Lawyers are seeking a suit to cover more than 1.5 million workers.
LOS ANGELES TIMES
Female managers of Wal-Mart Inc. were required to attend strip clubs with male colleagues on business trips, according to a brief to be filed today in federal court for a group of California women suing the largest U.S. retailer for job discrimination.
The women's declarations also say they had to take business meetings at Hooters, a restaurant where food is served by amply endowed women clad in tight shirts.
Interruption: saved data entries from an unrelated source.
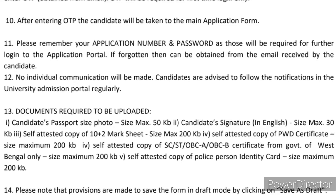The first three documents are required for the general category students and the remaining three documents are for the general category students along with the reserved category students. In this video, I shall be discussing six important documents.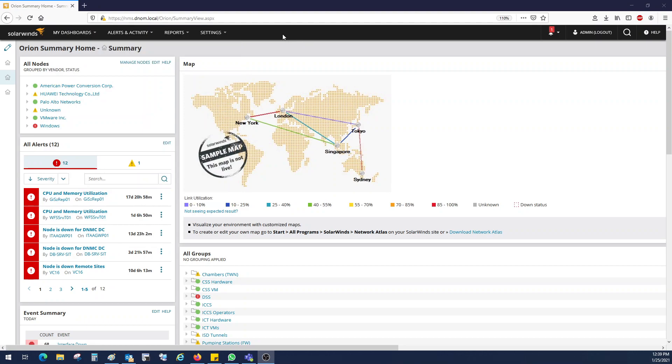In today's video, I am going to show you how you can generate network or interface utilization report of a particular network device with graphs. So let's get started.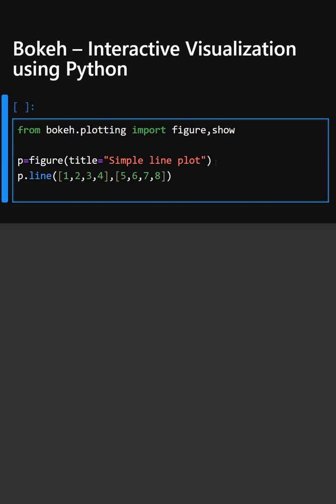Finally, we show the plot. This opens the interactive plot in your default browser. Let's see the output now.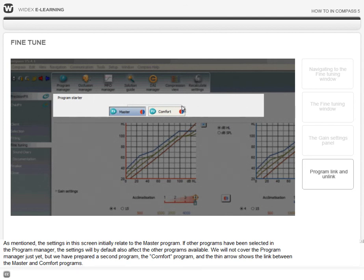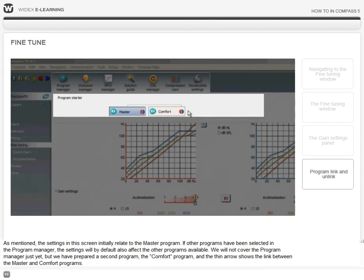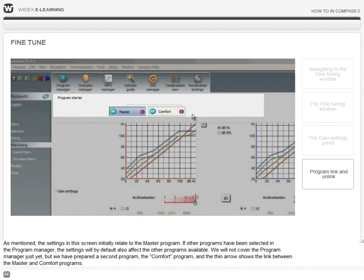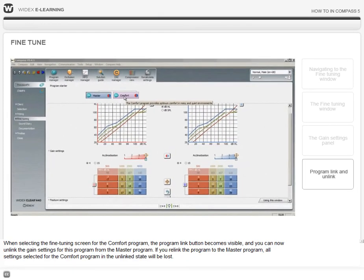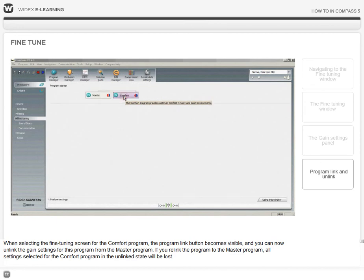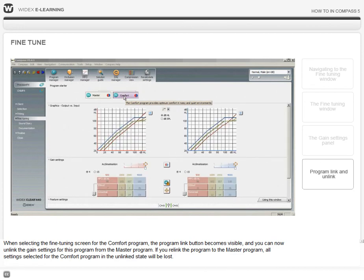We will not cover the program manager just yet, but we have prepared a second program, the comfort program, and the thin arrow shows the link between the master and comfort programs.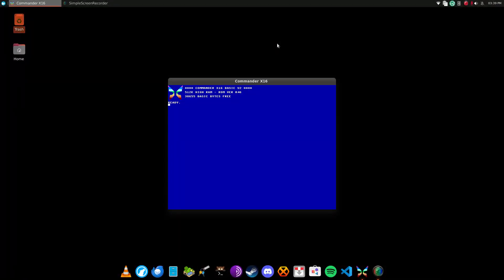Hello there, this is White Paper Cat, and we're going to be doing a quick overview of the Commander 16, well, technically it's the Commander X16 emulator.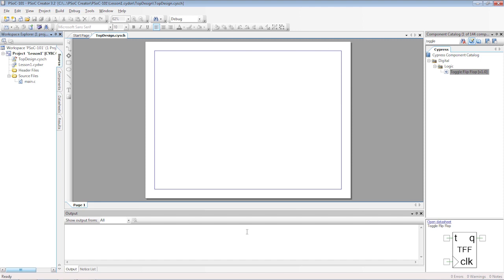you will be magically transported to the land of PSOC with a blank schematic page. If you see blocks with titles like UART and I2C, then you forgot to choose an empty template. Go back and try again. If you're using a new version of PSOC Creator, the new project dialog may look a little bit different, but that's OK.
And the top brass of Wal-Mart's Sam's Club stores referred to female employees in weekly executive meetings as "little Janie Qs" and "girls," even after a female vice president complained. The executive, who no longer works at Wal-Mart, said her complaint earned her a warning against being overly judgmental.
About the case
The testimony was collected to support a request that the case proceed as a class action on behalf of more than 1.5 million women employed by Wal-Mart since late 1998. The proposed class dwarfs the size of other employment discrimination cases and, if approved, would make the suit one of the largest against a corporation.
The brief, which comes 17 months after the suit was filed in U.S. District Court in San Francisco, paints the most detailed picture yet of the scope and effect on women of the reported discrimination. It argues that a gender pay gap -- which plaintiffs' experts say averages about 5 percent throughout the company -- is a reflection and result of a culture of bias that flows from Wal-Mart's Bentonville, Ark., headquarters and permeates nearly every store.
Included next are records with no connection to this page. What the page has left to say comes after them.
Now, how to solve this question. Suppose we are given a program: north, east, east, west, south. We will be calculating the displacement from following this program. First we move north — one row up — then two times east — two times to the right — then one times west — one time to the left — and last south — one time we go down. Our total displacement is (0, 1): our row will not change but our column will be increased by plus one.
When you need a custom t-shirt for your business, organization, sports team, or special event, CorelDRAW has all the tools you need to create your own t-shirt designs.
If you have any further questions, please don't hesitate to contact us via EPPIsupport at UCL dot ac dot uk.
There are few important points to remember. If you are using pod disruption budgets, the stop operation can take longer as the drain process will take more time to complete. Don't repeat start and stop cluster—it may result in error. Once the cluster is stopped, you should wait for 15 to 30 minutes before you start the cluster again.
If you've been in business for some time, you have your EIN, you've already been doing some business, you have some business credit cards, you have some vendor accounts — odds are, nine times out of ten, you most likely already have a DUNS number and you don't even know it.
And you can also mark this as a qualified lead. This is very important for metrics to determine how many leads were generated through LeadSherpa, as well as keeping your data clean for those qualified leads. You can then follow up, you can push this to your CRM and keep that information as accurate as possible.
Wal-Mart spokeswoman Mona Williams denied any pervasive bias within the company and disputed the plaintiffs' analysis of the evidence.
She said that experts who analyzed payroll data for the company found that "nine out of 10 times, women and men are paid equally," and that women are promoted at the same rate at which they apply for positions.
Brief features testimony
The 61-page brief filed by plaintiffs pulls testimony from more than 100 depositions of executives and the voluntary declarations of 110 female employees. In them, some women described being discouraged from applying for management positions and jobs in sporting goods, meat departments and other areas dominated by men.
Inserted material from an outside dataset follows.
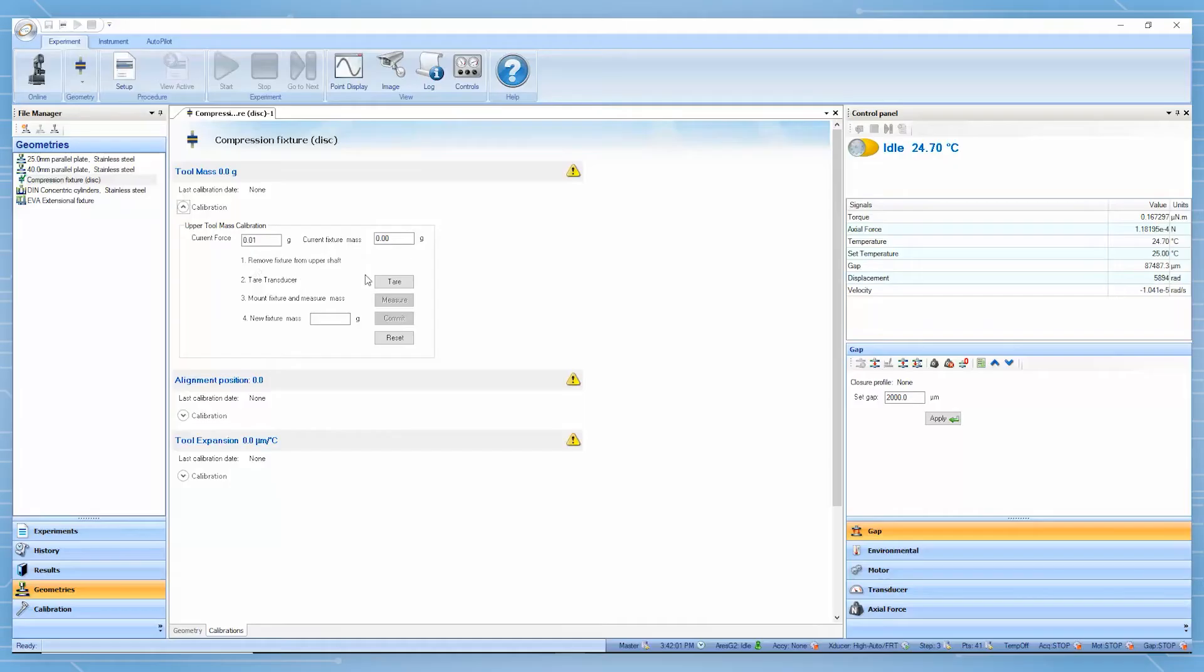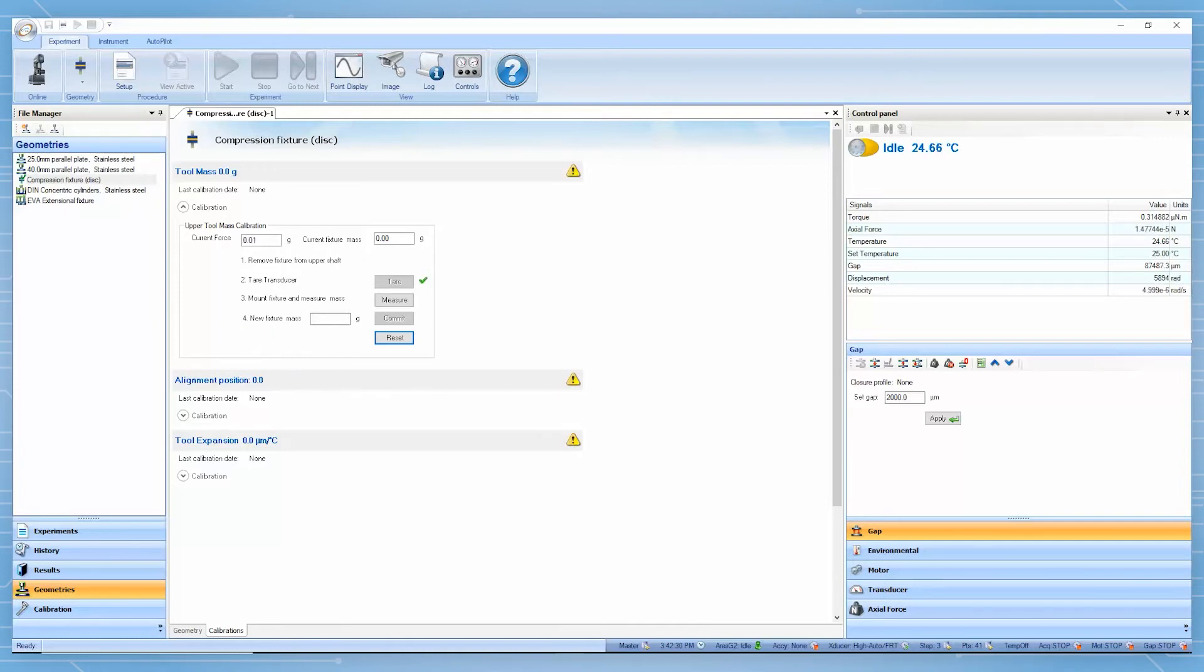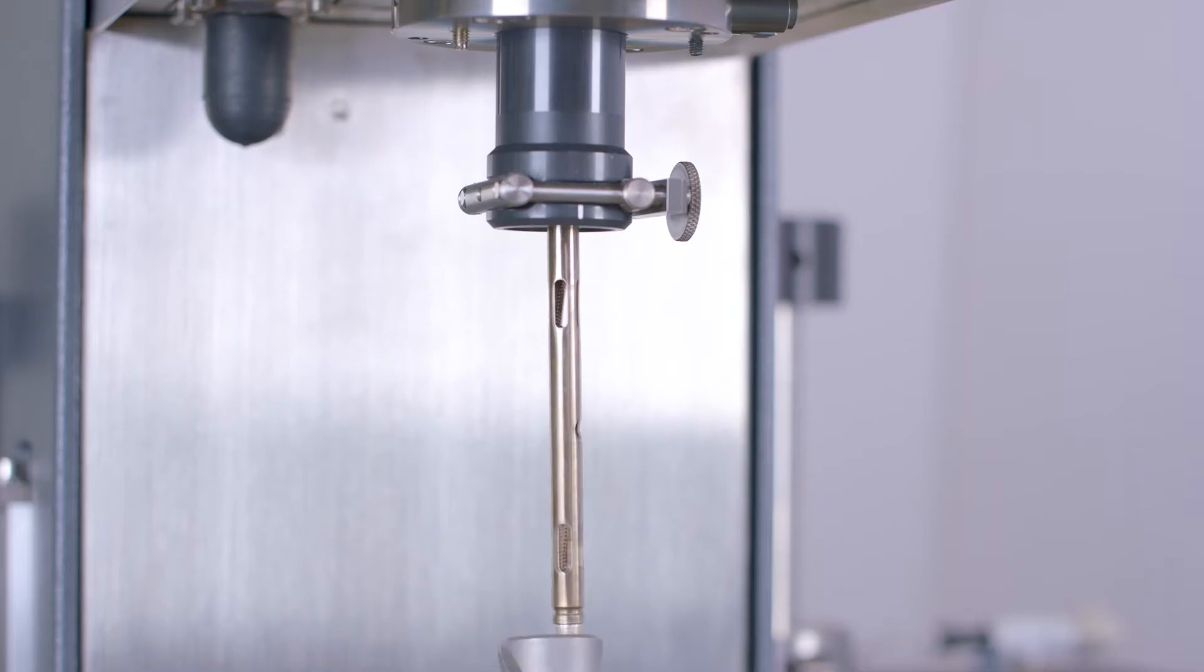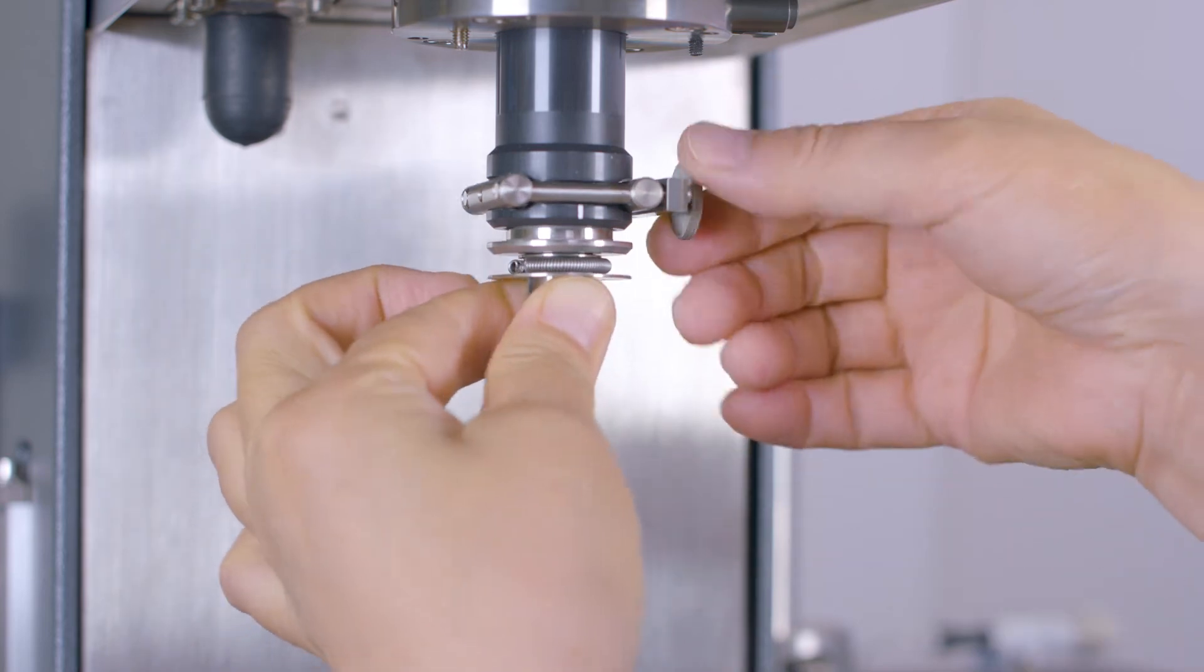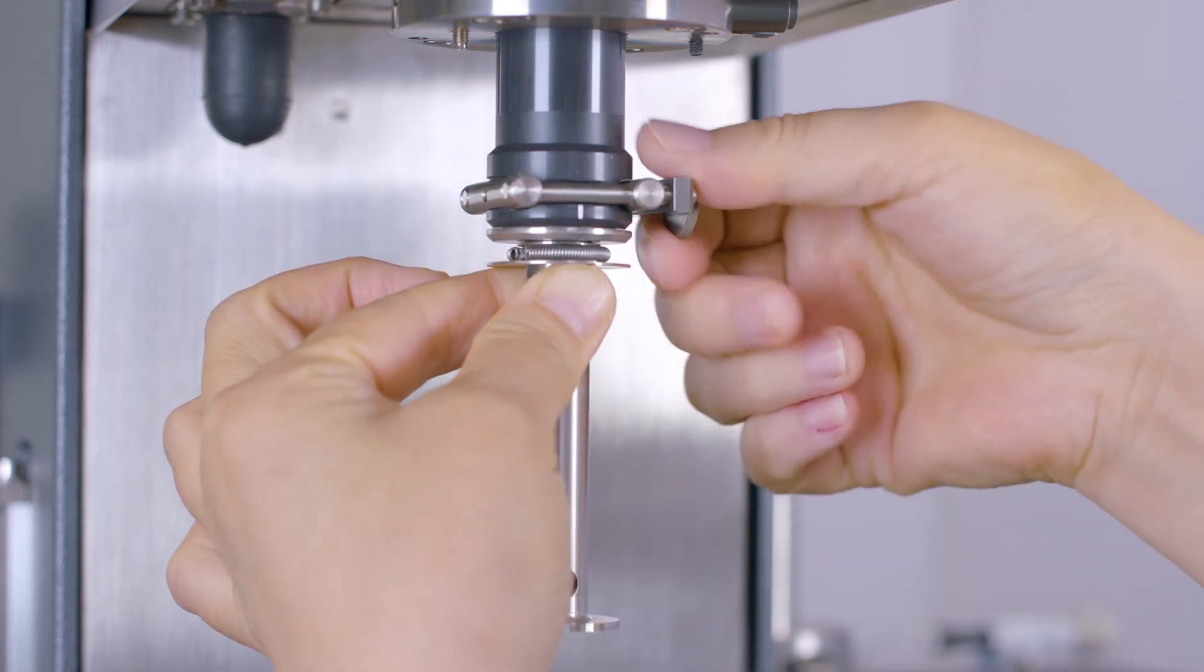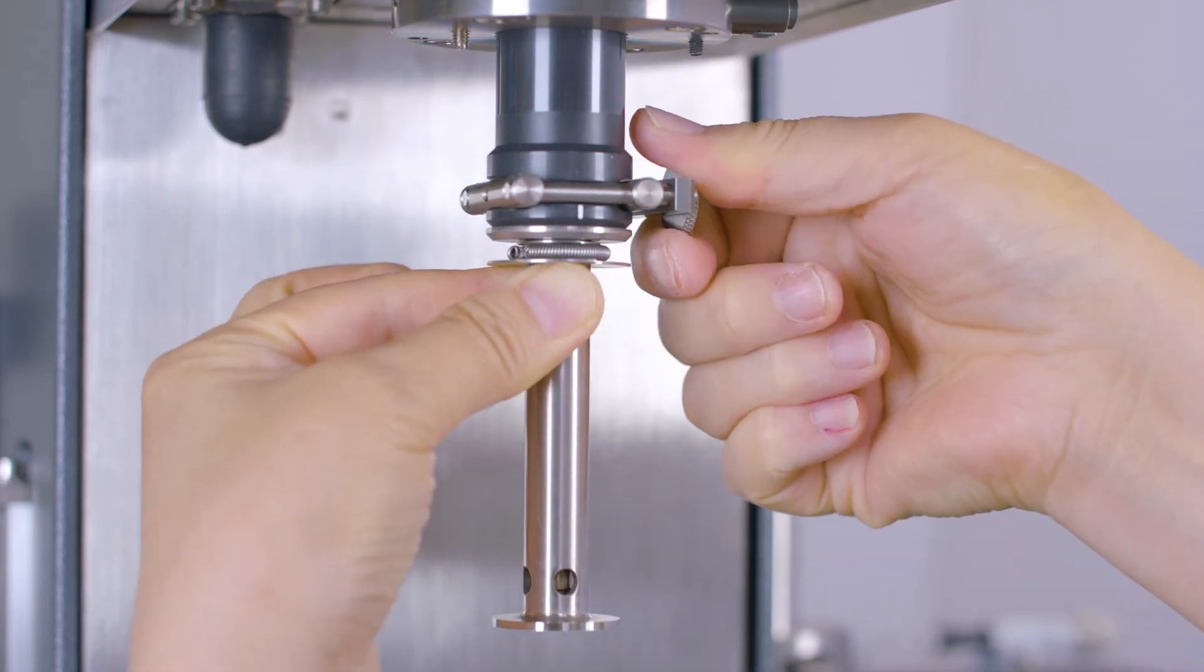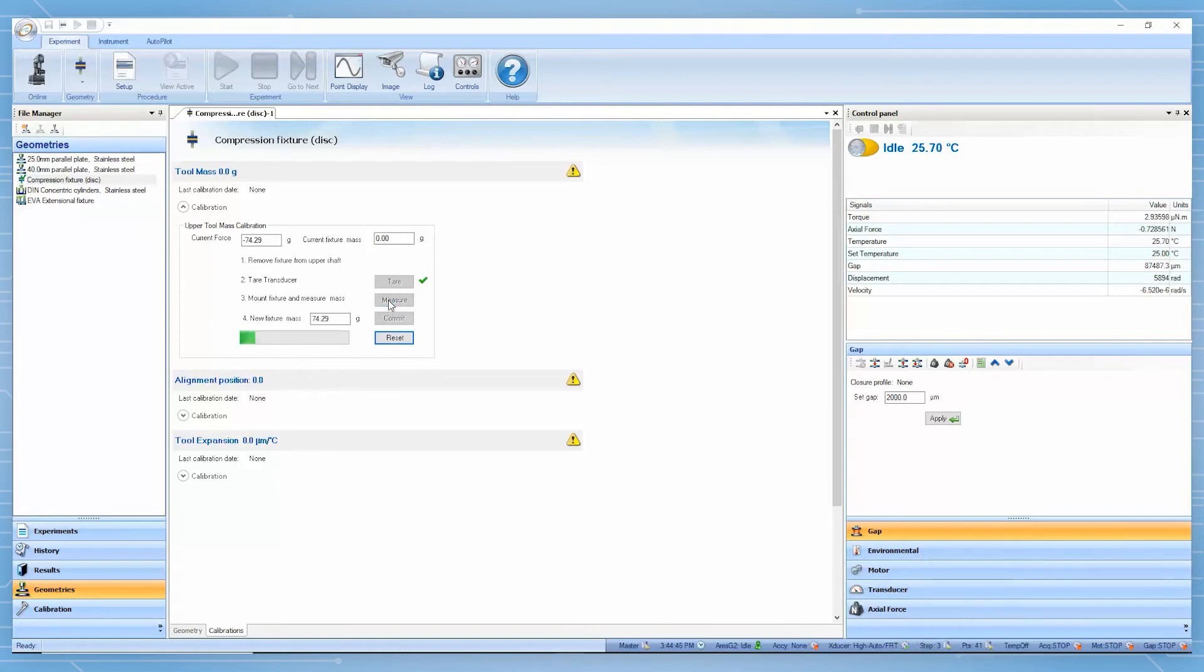Then, click on tare. When this is done, mount the upper geometry and click on measure. After it is completed, click on commit to finish the tool mass calibration.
Others recalled instances where male managers not only acknowledged but endorsed a pay gap between men and women.
One woman quoted in the brief said she asked why her pay was lower than a less-qualified male worker. Her department manager's reply: "You don't have the right equipment. You aren't male, so you can't expect to be paid the same."
Brad Seligman, a lawyer for the plaintiffs, said the attitude conveyed in the comment is not an aberration.
"We've got more than 100 declarations from 30 states," said Seligman, director of the Oakland, Calif.-based Impact Fund, a legal advocacy organization.